Kronologi Tuduhan dan Pengusiran
RK mengungkapkan bahwa tuduhan yang dialamatkan kepadanya dan keluarga sama sekali tidak berdasar.
Tanpa bukti yang jelas, mereka dituding terlibat dalam peredaran narkoba oleh sejumlah pihak, yang kemudian memicu tindakan persekusi hingga pengusiran dari desa tempat mereka tinggal.
“Kami dizolimi, kami difitnah menjual narkoba padahal itu sama sekali tidak benar. Dampaknya sangat berat, kami diusir dan sekarang tidak punya tempat tinggal lagi di Desa Tabuyung,” ujar RK dengan nada sedih.
Ia menyebut, situasi yang terjadi membuat keluarganya tertekan secara mental dan merasa tidak aman untuk kembali ke rumah mereka.
Tempuh Jalur Hukum untuk Bersihkan Nama Baik
Merasa dirugikan dan dipermalukan, pihak keluarga kini tengah berkoordinasi dengan kuasa hukum untuk melaporkan oknum-oknum yang diduga menjadi penyebar fitnah.
Langkah ini diambil demi memulihkan nama baik serta memastikan keamanan keluarga.

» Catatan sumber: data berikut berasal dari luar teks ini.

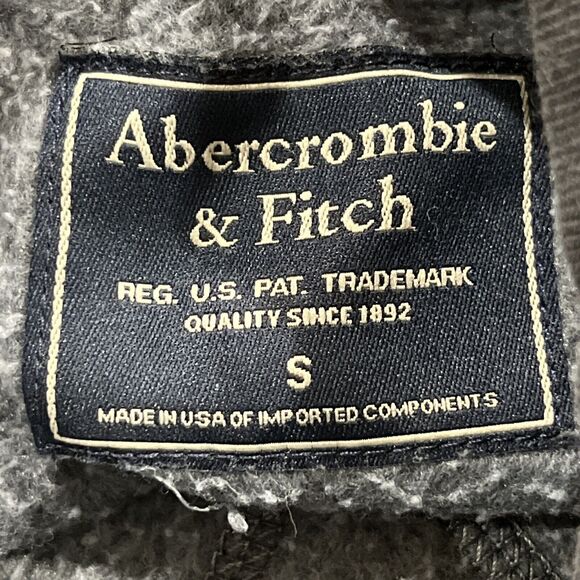 Abercrombie & Fitch X Made In America 2018 Merch Hoodie Sweatshirt USA Gray Sz S - Picture 11 of 12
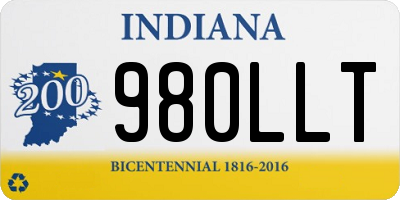 IN license plate 980LLT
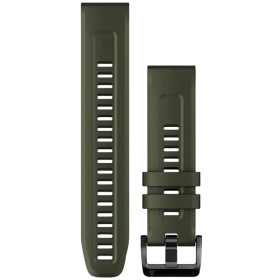 Garmin QuickFit 22 siliconen horlogeband mosgroen met zwarte gesp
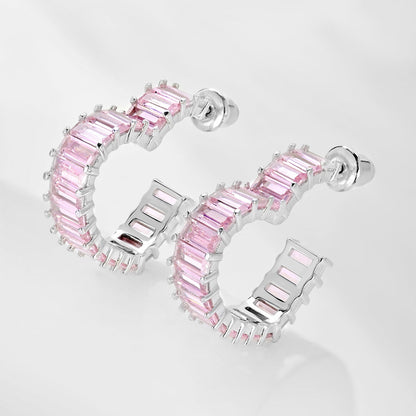 [ORA ]Radiant Heart Cutout Earrings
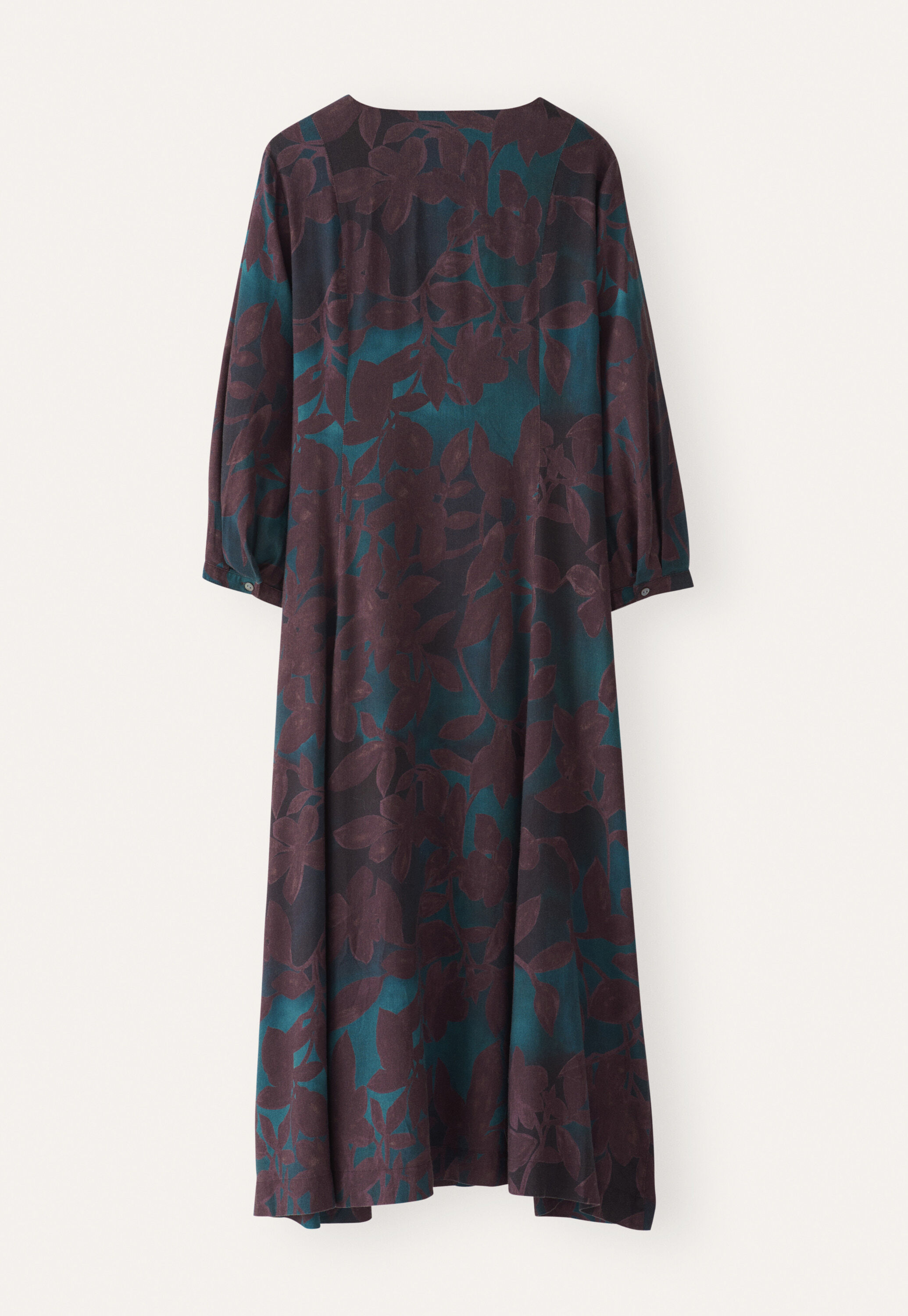 V-neck printed dress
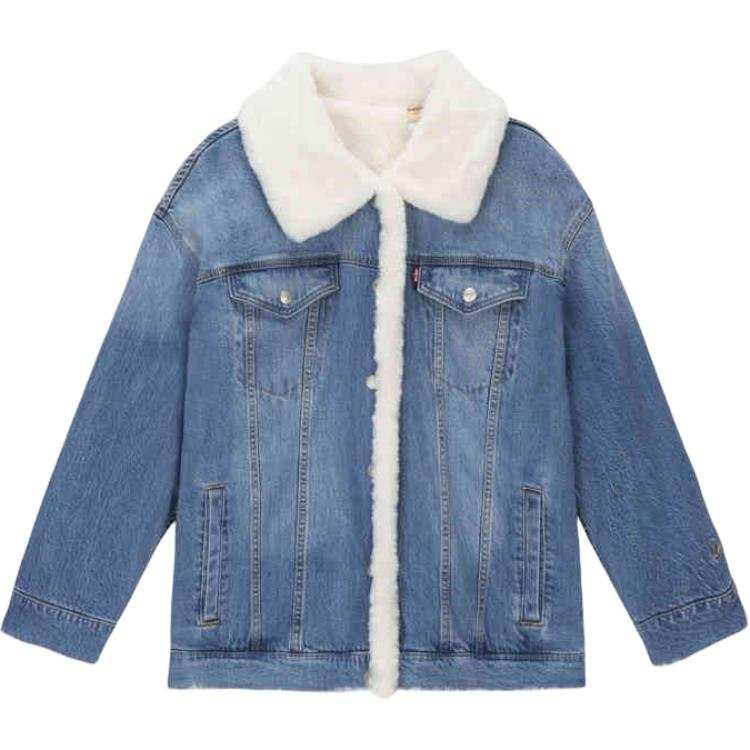 Levis Levis Denim Jacket Women's Light Blue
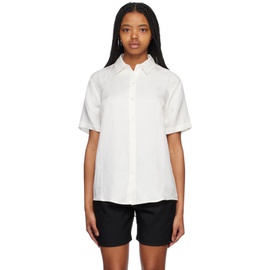 ANINE BING White Bruni Shirt 232092F109003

“Kami tidak akan tinggal diam. Nama baik keluarga adalah segalanya. Kami akan membawa masalah ini ke ranah hukum agar dalang di balik fitnah ini mempertanggungjawabkan perbuatannya,” tegas RK.
Ia berharap proses hukum dapat mengungkap kebenaran dan memberikan kepastian bagi keluarganya.

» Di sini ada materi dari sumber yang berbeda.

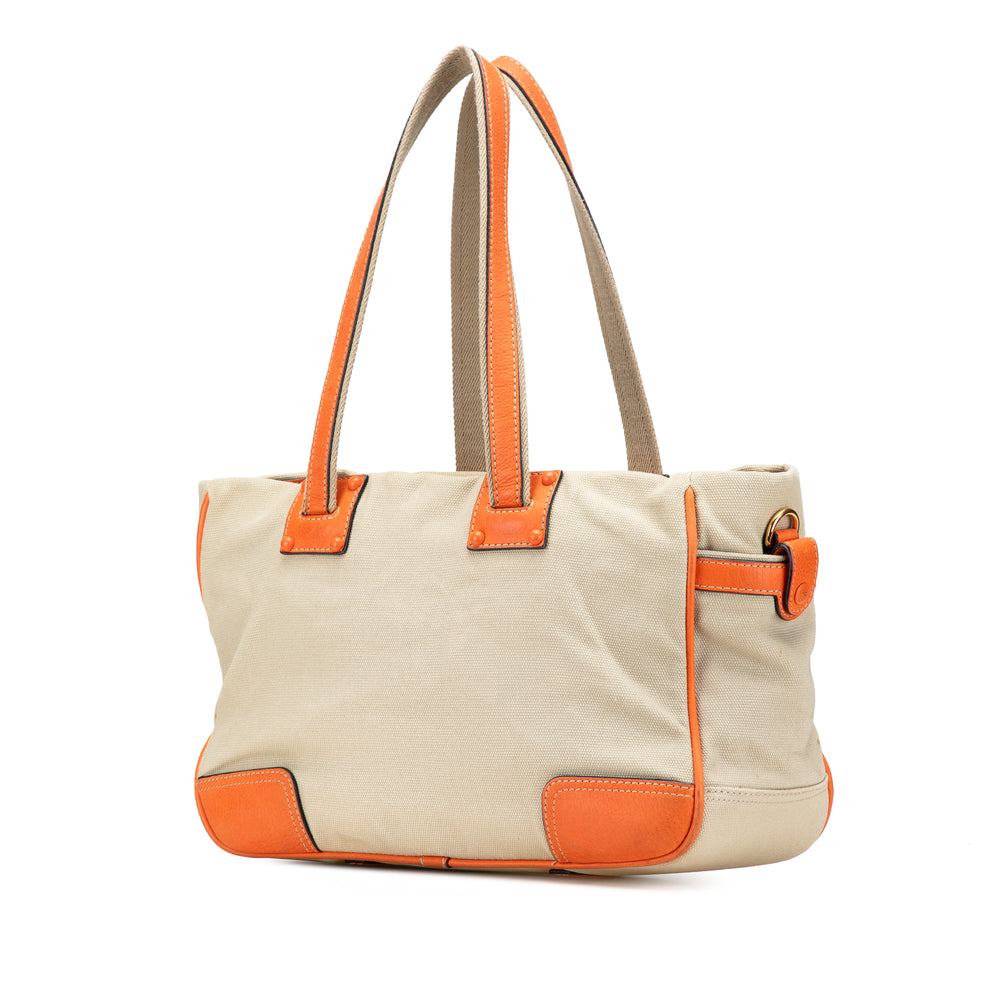 Anagram Canvas Tote Brown - Gaby Paris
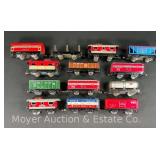 (13) Asst. Marx Tin Plate Freight Cars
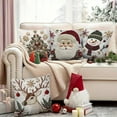 thumbnail image 7 of Christmas Decorative Throw Pillow Covers Set of 4, 18x18" Christmas Pillow Covers Decorative Pillow Cases with Soft Fabric Hidden Zipper Party Supplies, 7 of 7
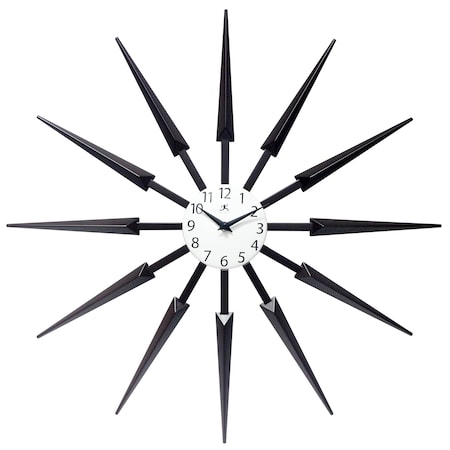 Infinity Instruments Celeste - Dark Wood - 24 in Sunburst Wall Clock 15555AW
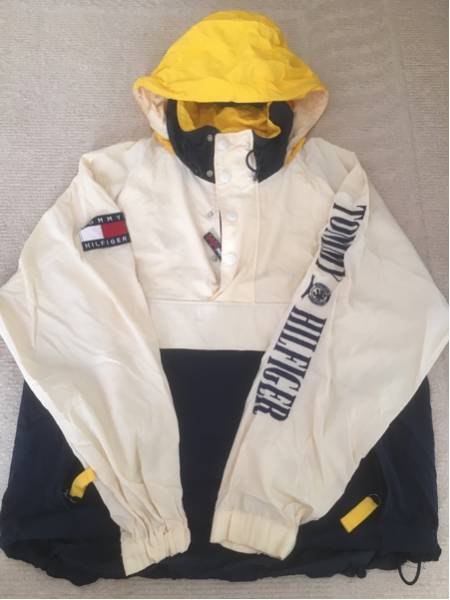 【90s】TOMMY HILFIGER ナイロンジャケット 袖ロゴ /T-Pablow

Memohon Perlindungan dan Intervensi Presiden
Melihat kondisi yang mereka alami, RK juga menyampaikan permohonan terbuka kepada Presiden Republik Indonesia agar memberikan perhatian terhadap kasus yang menimpanya.

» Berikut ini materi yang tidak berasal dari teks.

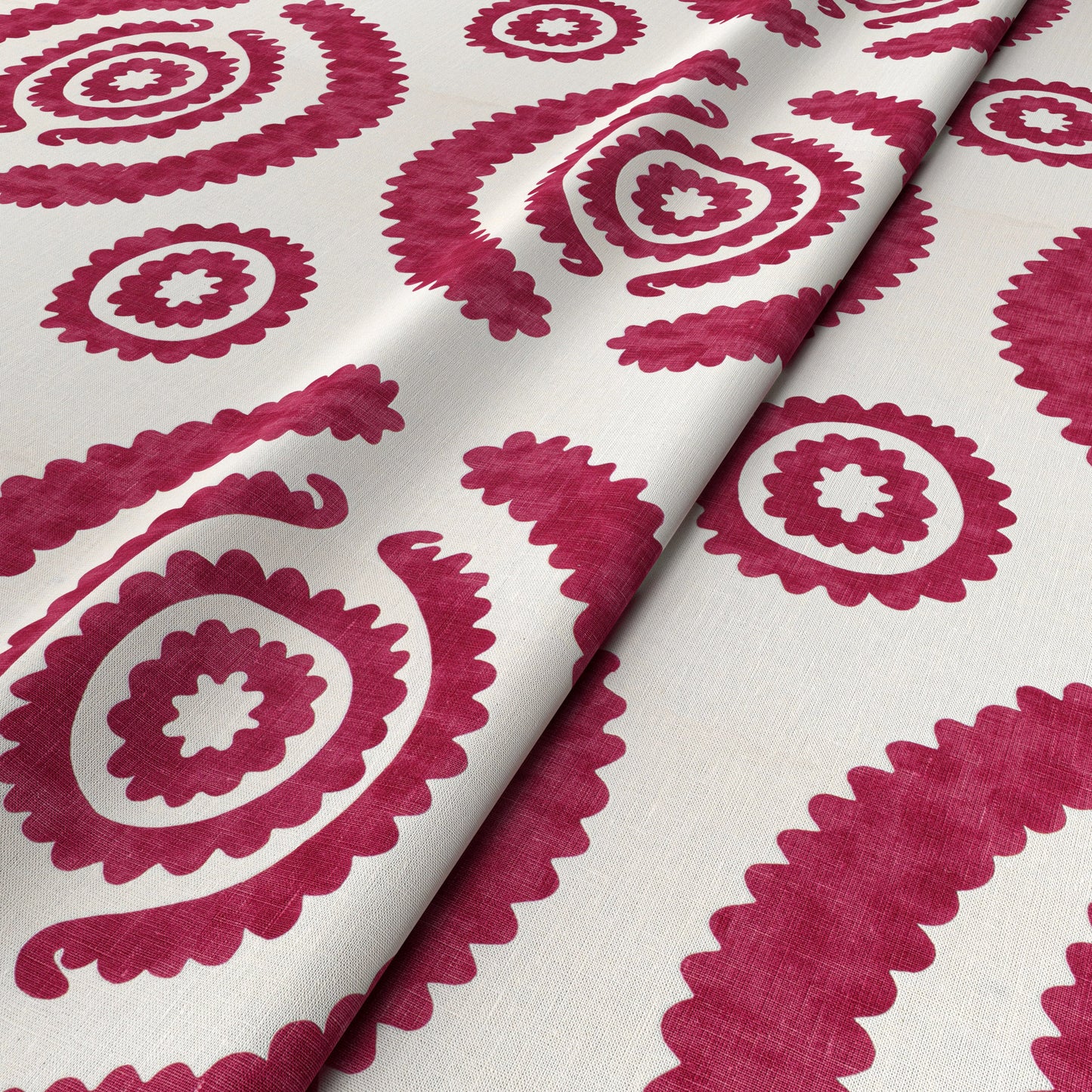 Haveli Red Fabric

Ia berharap pemerintah pusat melalui instansi terkait dapat turun tangan untuk memastikan keadilan ditegakkan.
“Kami memohon kepada Bapak Presiden untuk segera mengambil tindakan. Kami warga negara yang butuh perlindungan. Jangan biarkan hukum rimba berlaku di desa kami sampai ada warga yang terusir karena fitnah,” ungkapnya.
Menurutnya, intervensi pemerintah sangat dibutuhkan agar konflik tidak semakin meluas dan tidak menimbulkan korban lainnya.
Kondisi Terkini Keluarga
Saat ini, RK dan keluarganya berada di tempat pengungsian sementara. Mereka berharap pihak kepolisian setempat dapat menjamin keamanan selama proses hukum berjalan, sekaligus membantu mediasi agar hak-hak mereka sebagai warga desa dapat dikembalikan.
Keluarga tersebut juga berharap kebenaran segera terungkap sehingga mereka dapat kembali menjalani kehidupan dengan tenang tanpa bayang-bayang tuduhan yang mereka sebut sebagai fitnah.